L’article en bref
Le cognac VS, VSOP et XO obéissent à des classifications strictes basées sur l’âge de vieillissement en fût de chêne. Comprendre ces mentions permet de choisir son verre avec intelligence et plaisir, selon le moment et l’usage.
- VS (Very Special) : 2 ans minimum de vieillissement. Léger et fruité, idéal pour les cocktails et l’apéritif.
- VSOP (Very Superior Old Pale) : 4 ans minimum en réalité 5 à 15 ans. Arômes arrondis et texture soyeuse, parfait en digestif pur.
- XO/Extra : 10 ans minimum, généralement 15-20 ans en pratique. Complexe et onctueux, réservé à la dégustation seule et contemplative.
- Hors d’âge : 30 à 50 ans. Arômes de rancio dominants (noix, cacao), expérience méditative à savourer lentement.
Derrière le comptoir de mon bar à Besançon, je pose souvent la même question à mes clients : « VS, VSOP ou XO, vous savez vraiment ce que vous commandez ? » La plupart sourient et haussent les épaules. Pas de honte à ça — le classement du cognac intimide même les amateurs sérieux. Pourtant, comprendre ces mentions, c’est la clé pour choisir son verre avec intelligence, et surtout avec plaisir.

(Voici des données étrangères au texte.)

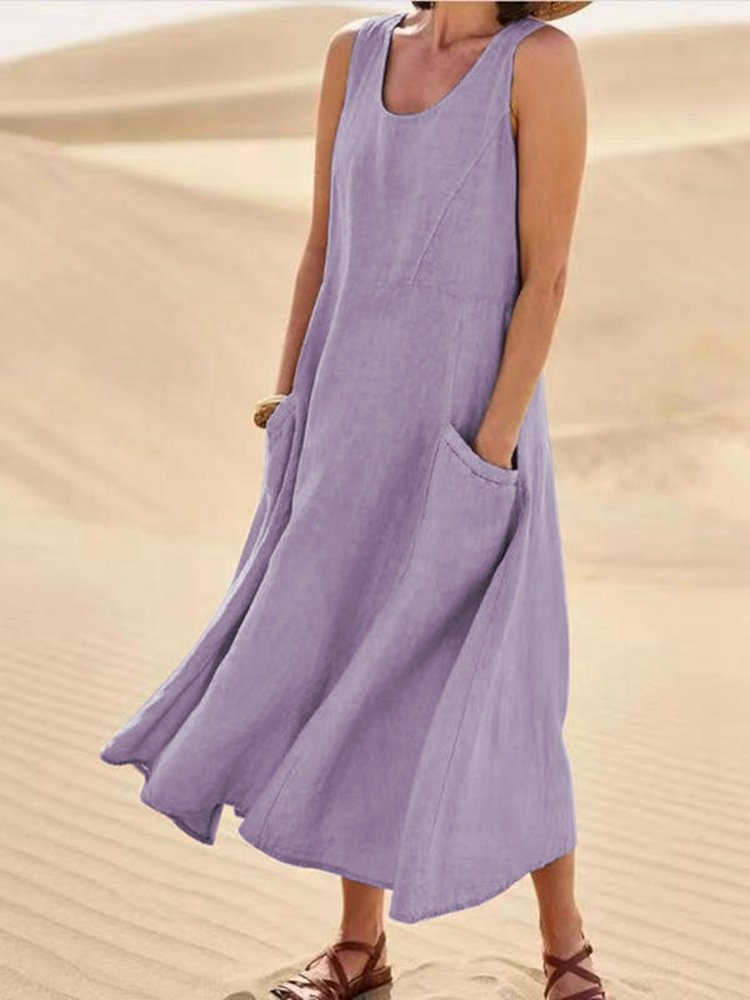 Amazon independent station wish2023 summer European and American foreign trade pocket sleeveless round neck women's cotton and linen dress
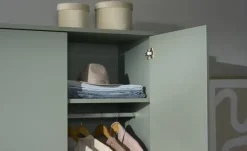 Kleiderschrank 3-türig, Salbeigrün, mit Einlegeböden Harllson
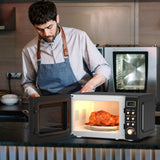 700W复古台面微波炉5微功率自动烹饪功能-金色 700W Retro Countertop Microwave Oven with 5 Micro Power and Auto Cooking Function-Golden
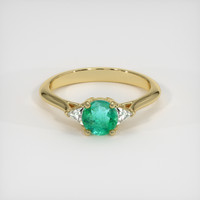 0.58 Ct. Emerald Ring, 18K Yellow Gold 1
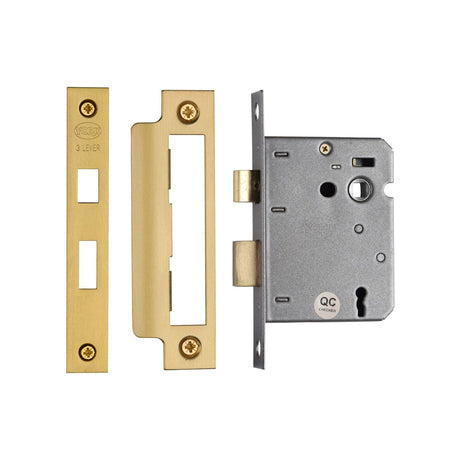 York Security Locks & Latches Satin Brass / 3 Lever Sashlocks / 3" / 76mm York - 3 Lever Sash Lock 3" SB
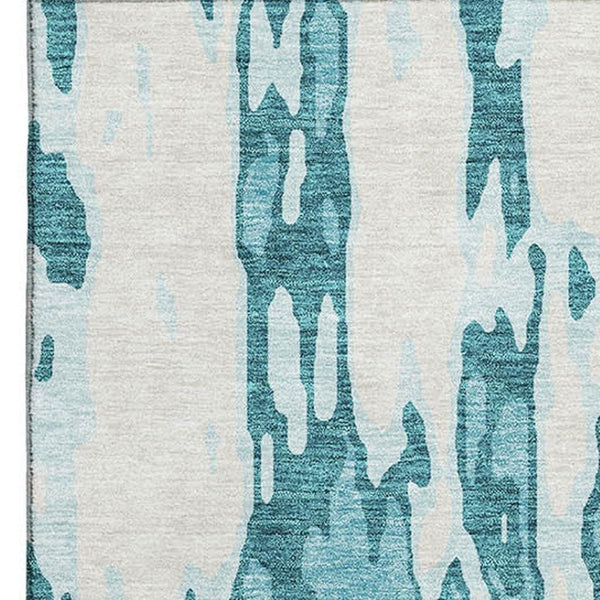 HomeRoots 10' Teal and Ivory Abstract Area Rug - Washable, Stain Resistant, UV Protected for Modern Spaces 675882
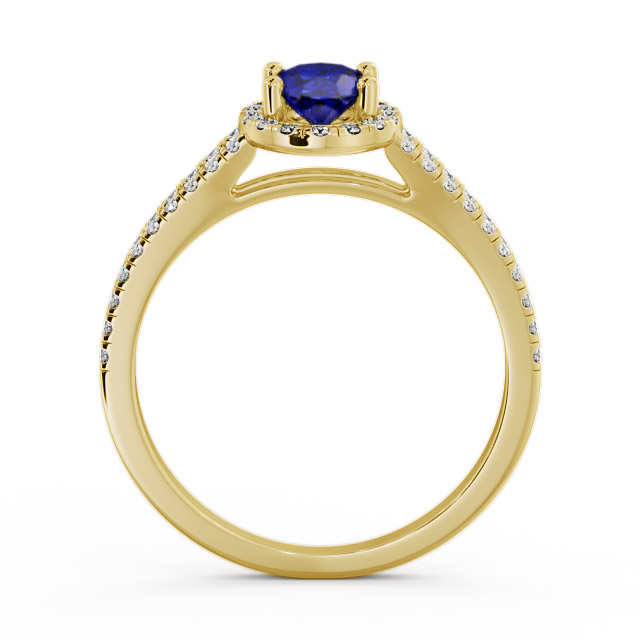 Halo Blue Sapphire and Diamond 0.86ct Ring 9K Yellow Gold - Tristan GEM14_YG_BS_UP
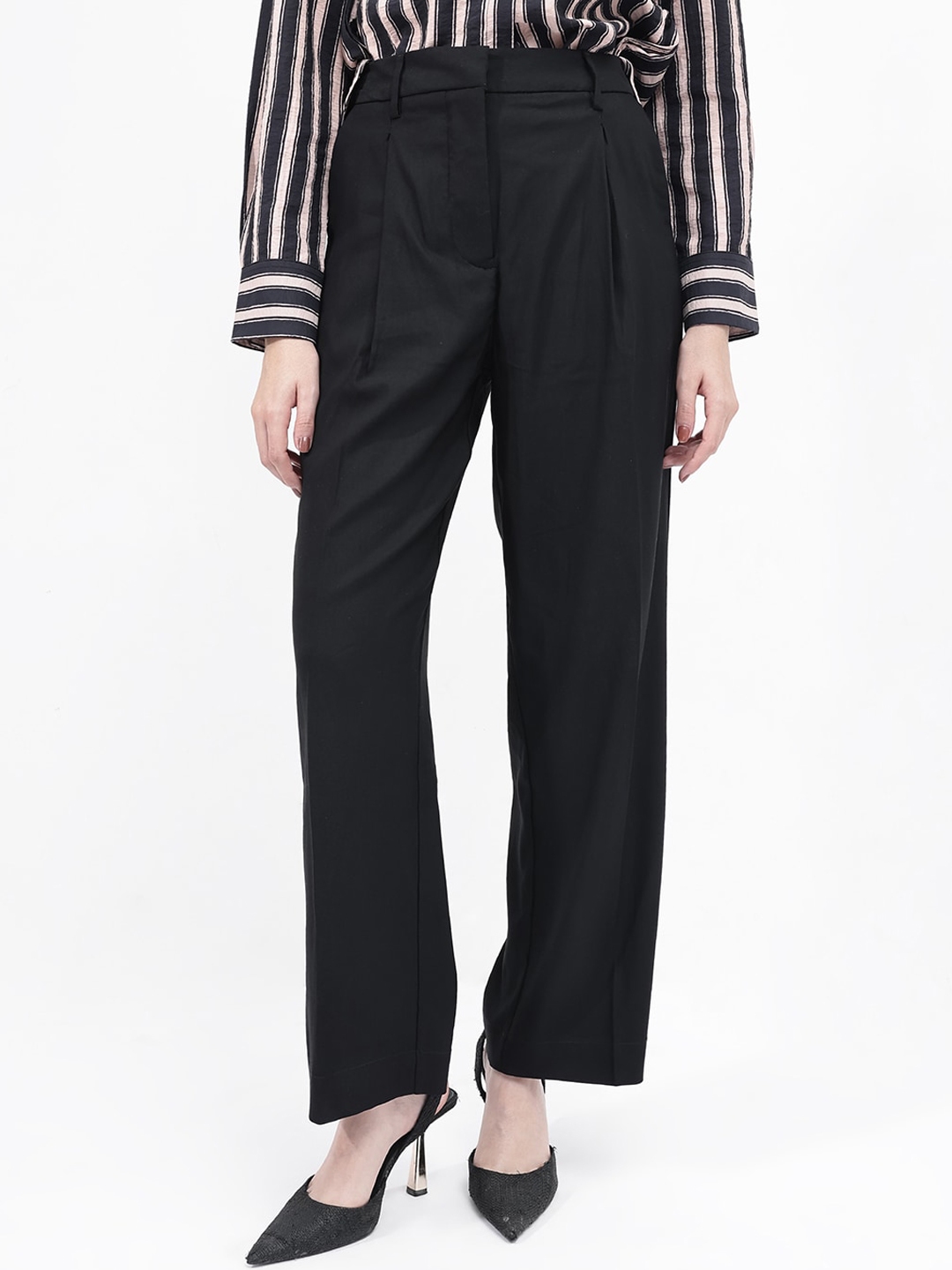 Buy RAREISM Women Straight Fit Mid Rise Trousers - Trousers for Women ...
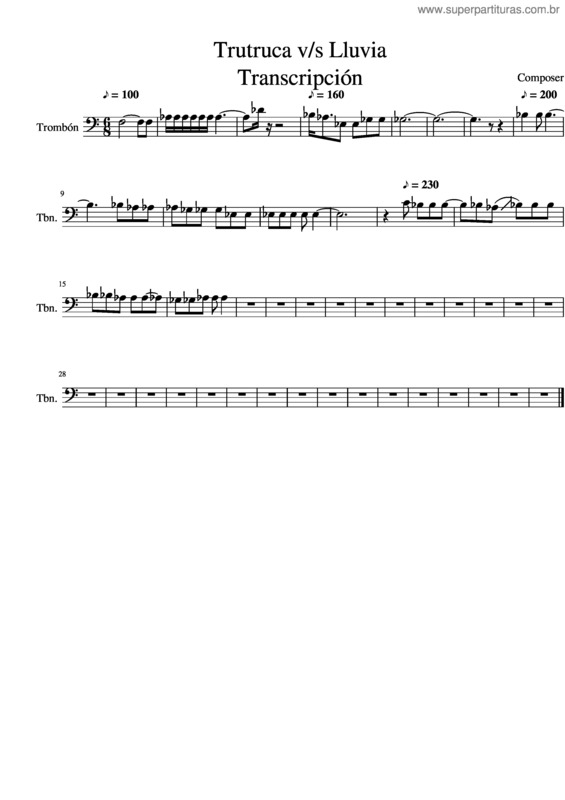 Partitura da música Trutruca V S Lluvia Transcripci N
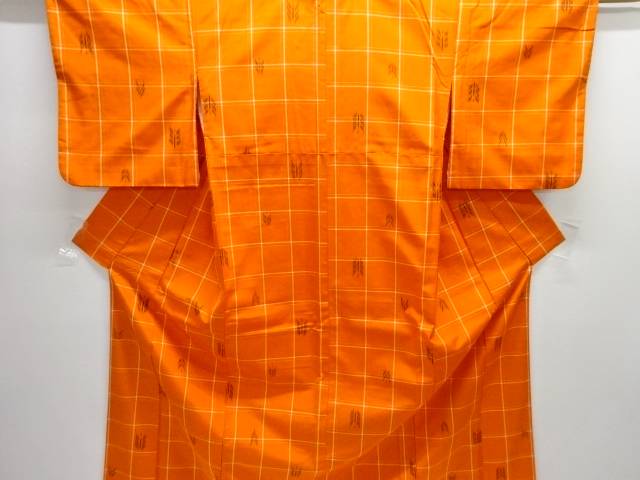 格子に矢羽根絣織り出し米沢紬着物アンサンブル【中古】【着】【紬・お召し】 宗sou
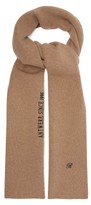 Thumbnail for your product : Raf Simons Logo And Text-embroidered Wool-blend Scarf - Camel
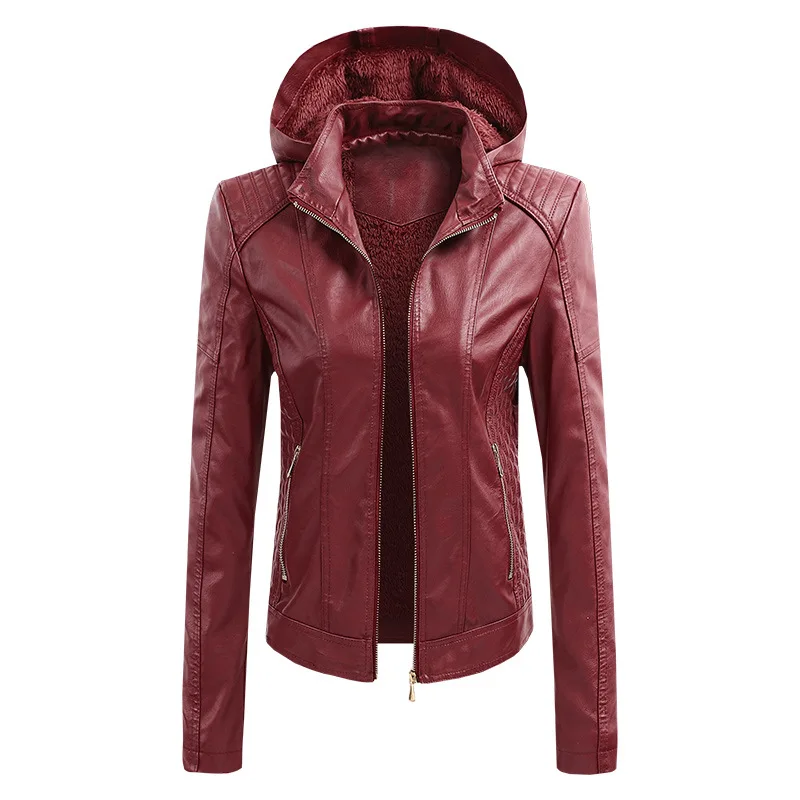 Women's Leather Jackets Detachable Hooded PU Coats 2022 Autumn Fashion Ladies Solid Color jacket All-match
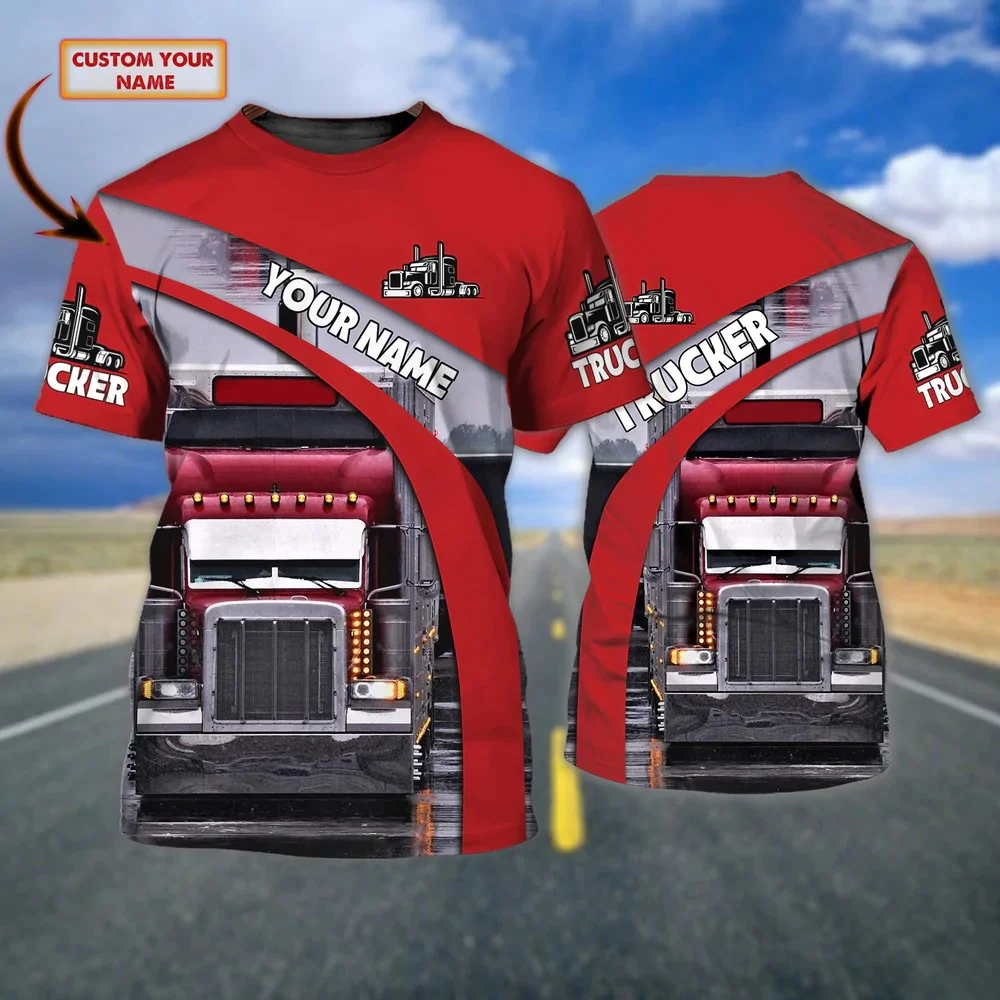 PLstar Cosmos Sommer Herren T-Shirt Maßgeschneidertes rotes LKW 3D-gedrucktes T-Shirt Unisex Casual Kurzarm Geschenk für Trucker DT85
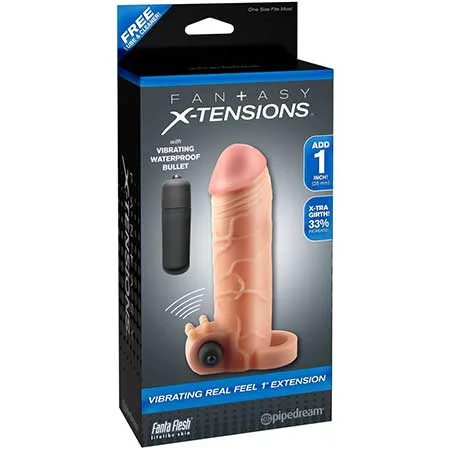 adult toys with soft design settings-Pipedream Fantasy X-tensions Vibrating Real Feel 1 in. Extension With Ball Strap Beige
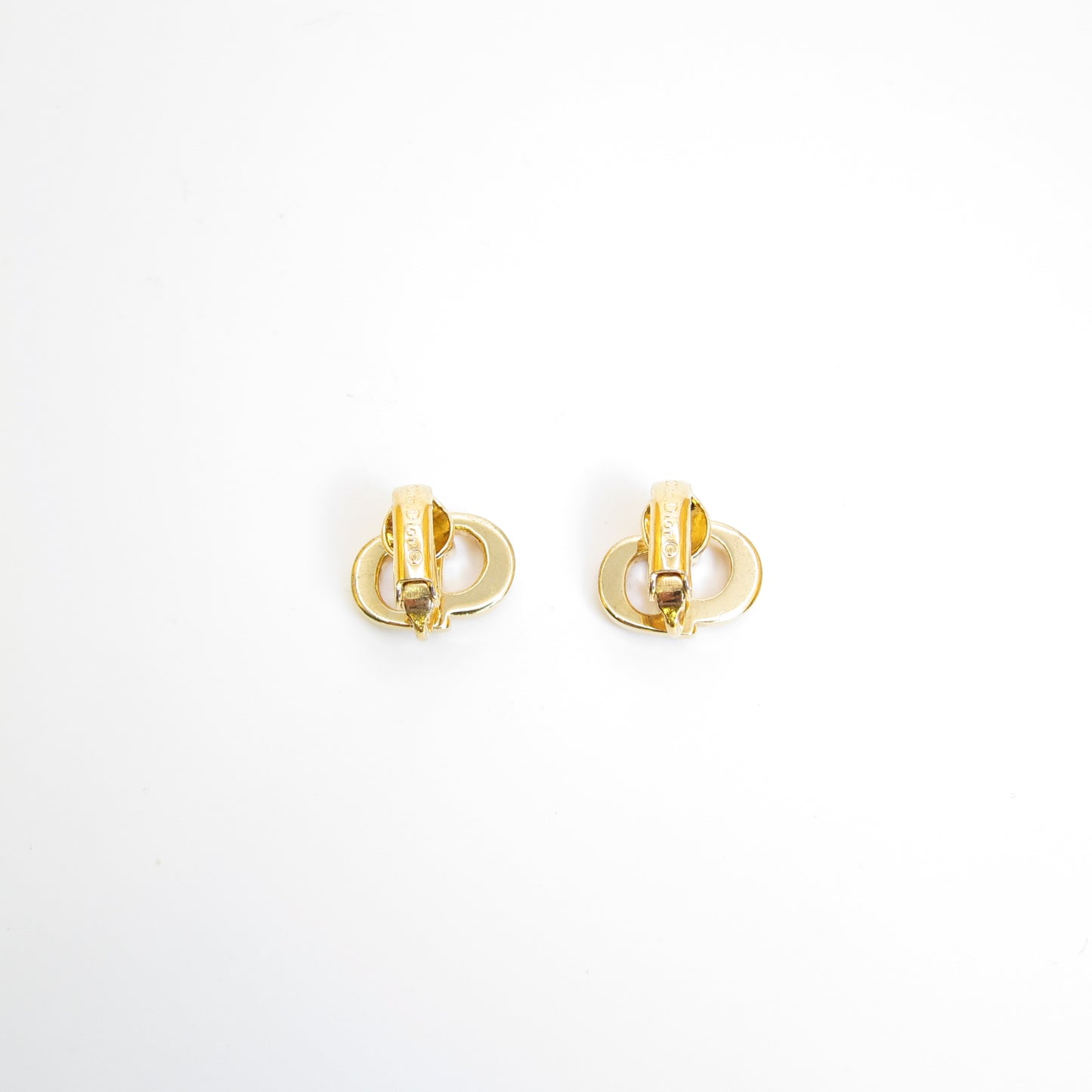Christian Dior Vintage CD Logo Golden Clip-on Earrings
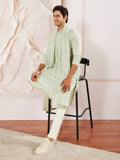 Men's Pista Green Rayon Kurta Pyjama Dupatta Set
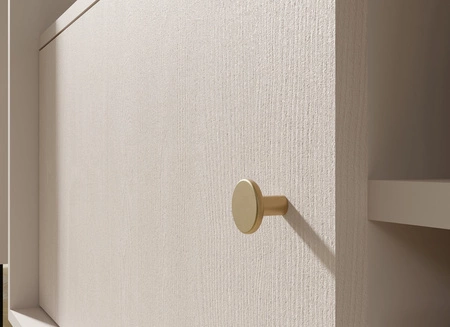 Kommode Ferdi 194 cm sandbeige elegantes Design hoher Rand der oberen Fronten mit goldenen Griffen bereichert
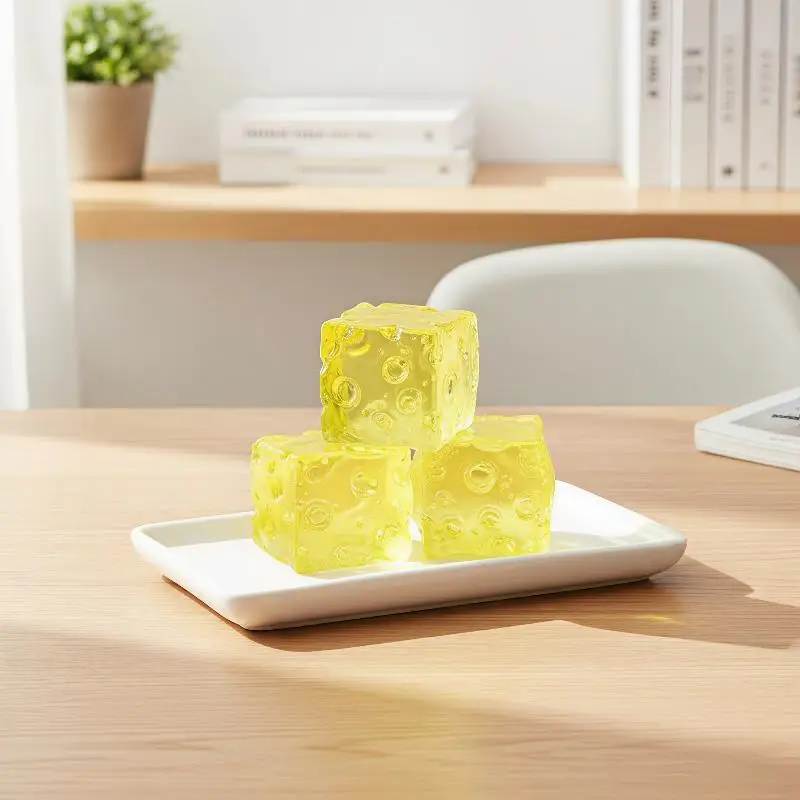 1 unidad de juguete sensorial cuadrado de queso y miel, Mochi súper suave antiestrés, para aliviar la ansiedad, regalo único para calendario de Adviento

Ce que signifient vraiment VS, VSOP et XO : les classifications du cognac expliquées
Le cognac est une eau-de-vie produite en Charente et Charente-Maritime, sous Appellation d’Origine Contrôlée. Son histoire commence au XVIe siècle, quand les vignerons locaux distillent leurs vins pour faciliter le transport. Les marchands hollandais du XVIIe siècle découvrent ensuite qu’un passage en fût enrichit l’alcool en saveurs. Un beau hasard qui a changé nos soirées pour toujours.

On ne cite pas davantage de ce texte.